Requirement – Nothing but the pictures should be left out when the entries below are duplicated.

(Stored items)
____
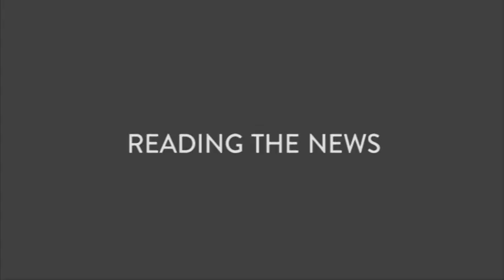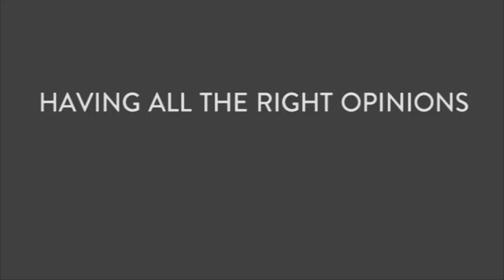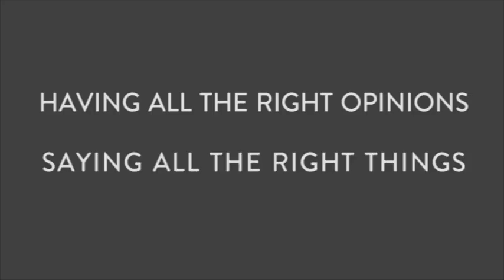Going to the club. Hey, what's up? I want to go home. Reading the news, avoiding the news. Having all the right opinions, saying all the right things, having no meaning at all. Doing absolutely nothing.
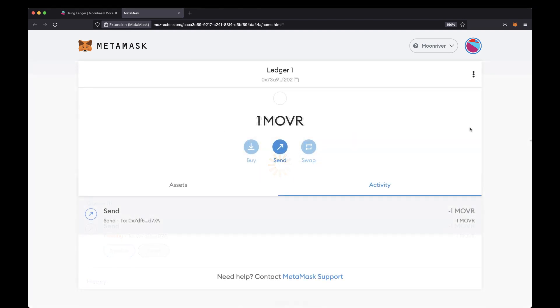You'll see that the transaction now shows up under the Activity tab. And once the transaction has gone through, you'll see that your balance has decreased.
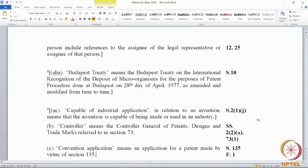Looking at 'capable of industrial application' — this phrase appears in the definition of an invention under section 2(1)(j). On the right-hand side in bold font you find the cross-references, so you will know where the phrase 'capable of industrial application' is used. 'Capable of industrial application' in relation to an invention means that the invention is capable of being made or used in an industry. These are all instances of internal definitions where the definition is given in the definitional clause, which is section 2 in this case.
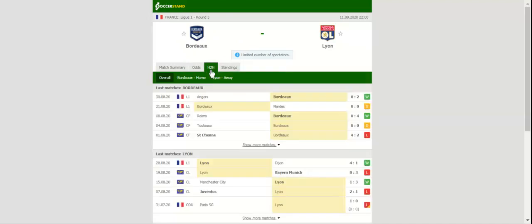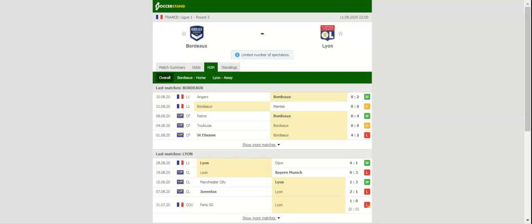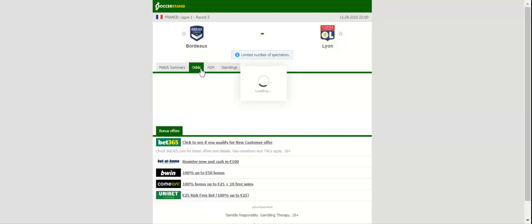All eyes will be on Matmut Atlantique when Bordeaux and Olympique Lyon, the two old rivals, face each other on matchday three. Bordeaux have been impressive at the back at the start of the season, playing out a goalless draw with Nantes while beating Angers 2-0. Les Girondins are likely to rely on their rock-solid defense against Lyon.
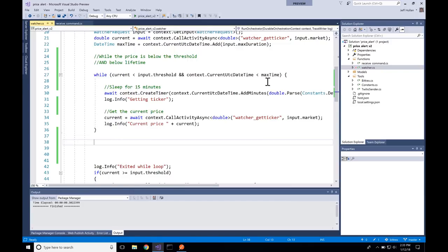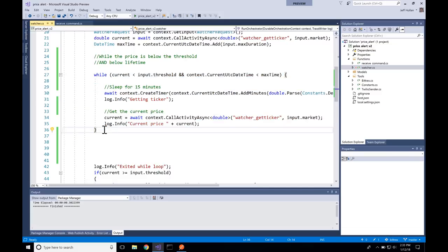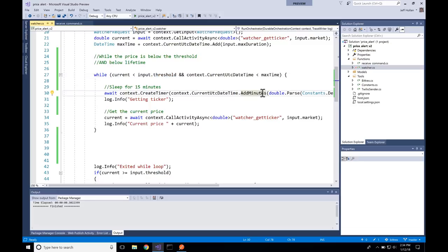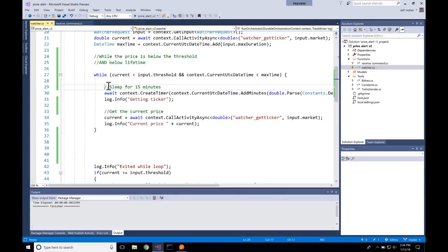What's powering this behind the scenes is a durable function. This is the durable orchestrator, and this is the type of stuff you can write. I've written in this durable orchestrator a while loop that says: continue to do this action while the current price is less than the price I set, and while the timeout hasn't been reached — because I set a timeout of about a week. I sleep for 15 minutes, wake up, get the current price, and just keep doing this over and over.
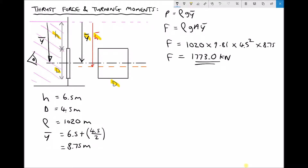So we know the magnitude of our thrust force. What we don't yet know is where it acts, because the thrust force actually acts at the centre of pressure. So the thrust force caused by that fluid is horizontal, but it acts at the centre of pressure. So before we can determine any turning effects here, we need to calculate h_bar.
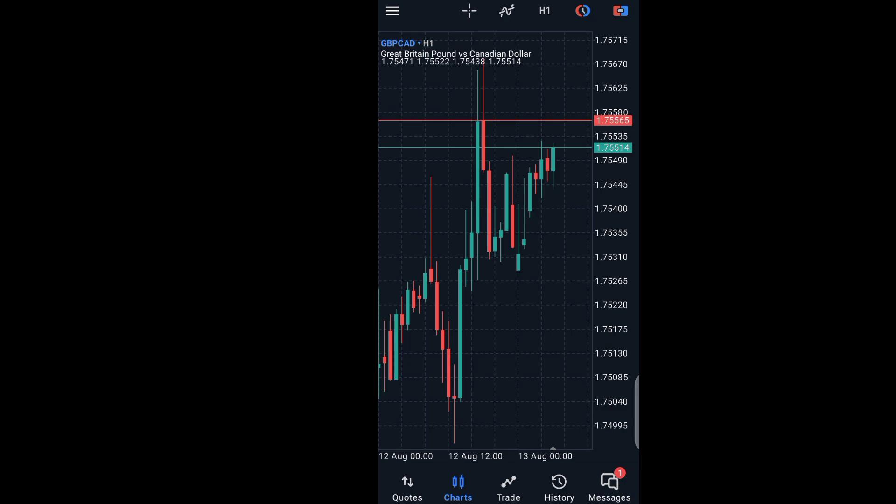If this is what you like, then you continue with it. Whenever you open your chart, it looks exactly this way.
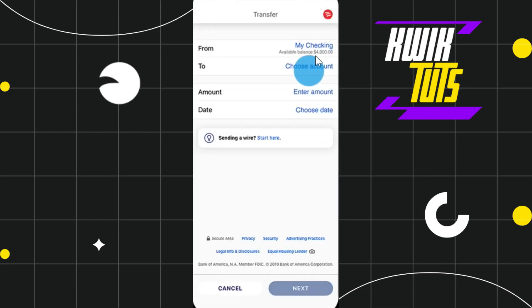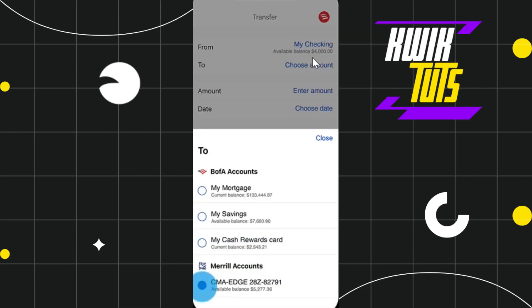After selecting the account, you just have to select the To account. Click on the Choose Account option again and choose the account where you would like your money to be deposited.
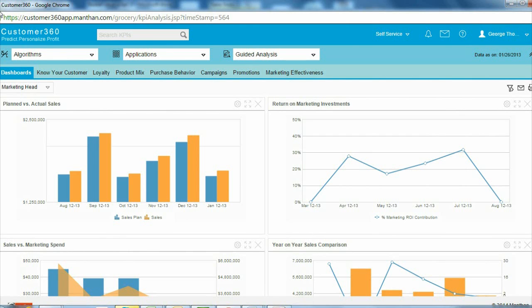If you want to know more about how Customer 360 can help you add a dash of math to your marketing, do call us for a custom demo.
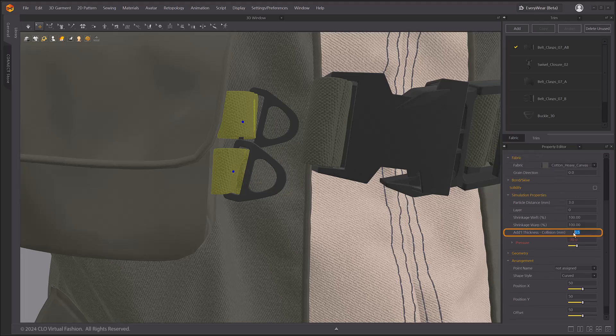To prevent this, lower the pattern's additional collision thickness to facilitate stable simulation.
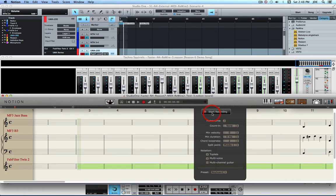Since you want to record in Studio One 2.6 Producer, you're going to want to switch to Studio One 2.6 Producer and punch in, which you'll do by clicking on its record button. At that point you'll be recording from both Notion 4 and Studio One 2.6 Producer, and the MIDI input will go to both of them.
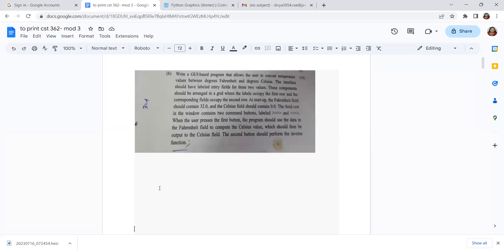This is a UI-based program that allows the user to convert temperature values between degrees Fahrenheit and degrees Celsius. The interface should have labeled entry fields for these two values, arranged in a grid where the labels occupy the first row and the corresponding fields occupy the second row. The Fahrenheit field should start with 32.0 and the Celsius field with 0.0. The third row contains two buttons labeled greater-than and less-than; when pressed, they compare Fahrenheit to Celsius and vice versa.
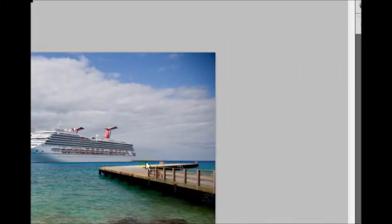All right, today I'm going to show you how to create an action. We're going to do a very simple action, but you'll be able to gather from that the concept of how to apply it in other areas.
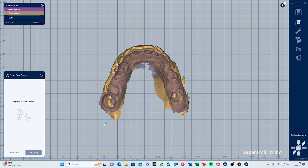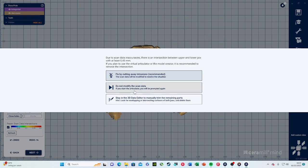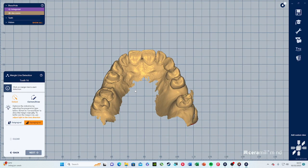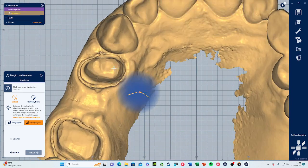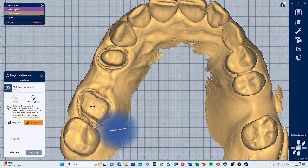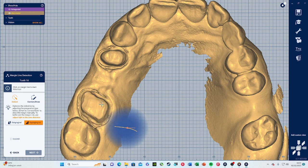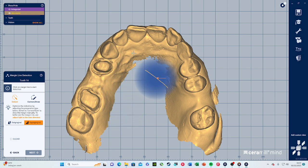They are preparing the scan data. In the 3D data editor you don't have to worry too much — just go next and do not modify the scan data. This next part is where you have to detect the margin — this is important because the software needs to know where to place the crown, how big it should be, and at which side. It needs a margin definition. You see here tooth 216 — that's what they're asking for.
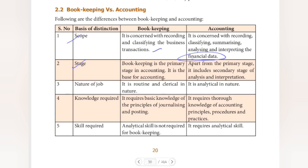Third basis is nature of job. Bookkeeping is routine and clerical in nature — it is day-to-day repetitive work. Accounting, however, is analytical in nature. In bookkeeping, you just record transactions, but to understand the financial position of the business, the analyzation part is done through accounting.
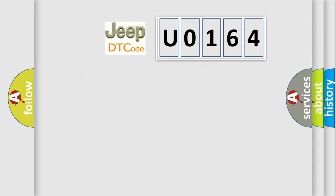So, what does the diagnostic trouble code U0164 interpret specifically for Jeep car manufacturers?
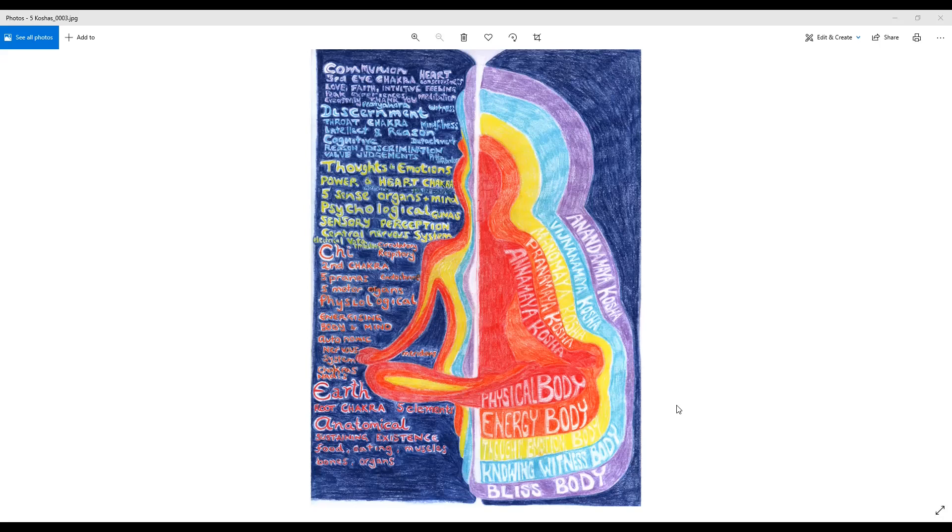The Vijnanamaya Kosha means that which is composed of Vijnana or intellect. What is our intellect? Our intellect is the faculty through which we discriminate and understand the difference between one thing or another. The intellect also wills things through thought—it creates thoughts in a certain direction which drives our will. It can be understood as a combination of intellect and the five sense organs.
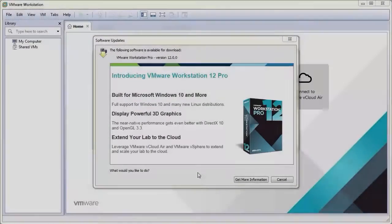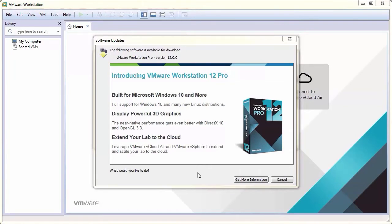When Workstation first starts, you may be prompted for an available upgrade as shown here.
____
Response for this exercise –
Going to the club. Hey, what's up? I want to go home. Reading the news, avoiding the news. Having all the right opinions, saying all the right things, having no meaning at all. Doing absolutely nothing.
You'll see that the transaction now shows up under the Activity tab. And once the transaction has gone through, you'll see that your balance has decreased.
Looking at 'capable of industrial application' — this phrase appears in the definition of an invention under section 2(1)(j). On the right-hand side in bold font you find the cross-references, so you will know where the phrase 'capable of industrial application' is used. 'Capable of industrial application' in relation to an invention means that the invention is capable of being made or used in an industry. These are all instances of internal definitions where the definition is given in the definitional clause, which is section 2 in this case.
All eyes will be on Matmut Atlantique when Bordeaux and Olympique Lyon, the two old rivals, face each other on matchday three. Bordeaux have been impressive at the back at the start of the season, playing out a goalless draw with Nantes while beating Angers 2-0. Les Girondins are likely to rely on their rock-solid defense against Lyon.
What's powering this behind the scenes is a durable function. This is the durable orchestrator, and this is the type of stuff you can write. I've written in this durable orchestrator a while loop that says: continue to do this action while the current price is less than the price I set, and while the timeout hasn't been reached — because I set a timeout of about a week. I sleep for 15 minutes, wake up, get the current price, and just keep doing this over and over.
So we know the magnitude of our thrust force. What we don't yet know is where it acts, because the thrust force actually acts at the centre of pressure. So the thrust force caused by that fluid is horizontal, but it acts at the centre of pressure. So before we can determine any turning effects here, we need to calculate h_bar.
If this is what you like, then you continue with it. Whenever you open your chart, it looks exactly this way.
After selecting the account, you just have to select the To account. Click on the Choose Account option again and choose the account where you would like your money to be deposited.
If you want to know more about how Customer 360 can help you add a dash of math to your marketing, do call us for a custom demo.
To prevent this, lower the pattern's additional collision thickness to facilitate stable simulation.
Since you want to record in Studio One 2.6 Producer, you're going to want to switch to Studio One 2.6 Producer and punch in, which you'll do by clicking on its record button. At that point you'll be recording from both Notion 4 and Studio One 2.6 Producer, and the MIDI input will go to both of them.
This is a UI-based program that allows the user to convert temperature values between degrees Fahrenheit and degrees Celsius. The interface should have labeled entry fields for these two values, arranged in a grid where the labels occupy the first row and the corresponding fields occupy the second row. The Fahrenheit field should start with 32.0 and the Celsius field with 0.0. The third row contains two buttons labeled greater-than and less-than; when pressed, they compare Fahrenheit to Celsius and vice versa.
All right, today I'm going to show you how to create an action. We're going to do a very simple action, but you'll be able to gather from that the concept of how to apply it in other areas.
They are preparing the scan data. In the 3D data editor you don't have to worry too much — just go next and do not modify the scan data. This next part is where you have to detect the margin — this is important because the software needs to know where to place the crown, how big it should be, and at which side. It needs a margin definition. You see here tooth 216 — that's what they're asking for.
Third basis is nature of job. Bookkeeping is routine and clerical in nature — it is day-to-day repetitive work. Accounting, however, is analytical in nature. In bookkeeping, you just record transactions, but to understand the financial position of the business, the analyzation part is done through accounting.
So, what does the diagnostic trouble code U0164 interpret specifically for Jeep car manufacturers?
The Vijnanamaya Kosha means that which is composed of Vijnana or intellect. What is our intellect? Our intellect is the faculty through which we discriminate and understand the difference between one thing or another. The intellect also wills things through thought—it creates thoughts in a certain direction which drives our will. It can be understood as a combination of intellect and the five sense organs.
When Workstation first starts, you may be prompted for an available upgrade as shown here.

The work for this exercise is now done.